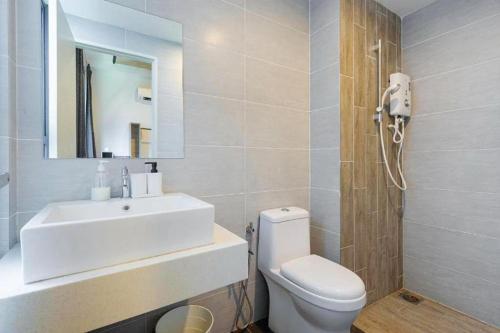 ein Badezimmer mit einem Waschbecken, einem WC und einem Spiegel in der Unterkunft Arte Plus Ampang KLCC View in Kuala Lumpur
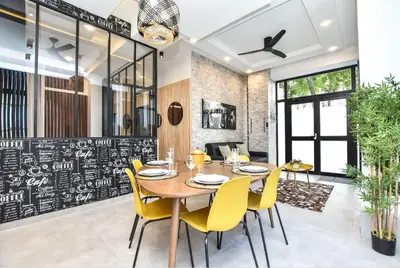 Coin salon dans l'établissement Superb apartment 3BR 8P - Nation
---
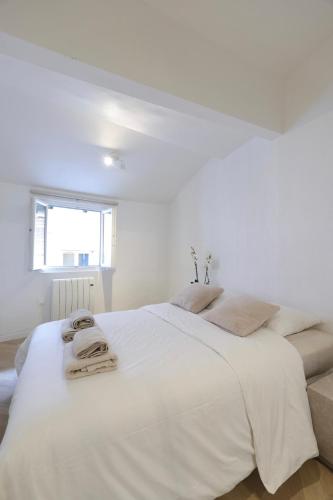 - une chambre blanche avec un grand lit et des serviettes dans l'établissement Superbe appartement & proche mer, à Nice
---
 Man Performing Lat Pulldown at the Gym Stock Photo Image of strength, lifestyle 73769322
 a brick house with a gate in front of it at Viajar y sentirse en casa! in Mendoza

• _EXERCISE GOAL_: The answer must be the lines above from the one containing "ein Badezimmer mit" through the one containing "Coin salon dans", reproduced exactly, with no pictures and nothing else.

• _SOLUTION FOR THIS PROBLEM_:
 ein Badezimmer mit einem Waschbecken, einem WC und einem Spiegel in der Unterkunft Arte Plus Ampang KLCC View in Kuala Lumpur
 Coin salon dans l'établissement Superb apartment 3BR 8P - Nation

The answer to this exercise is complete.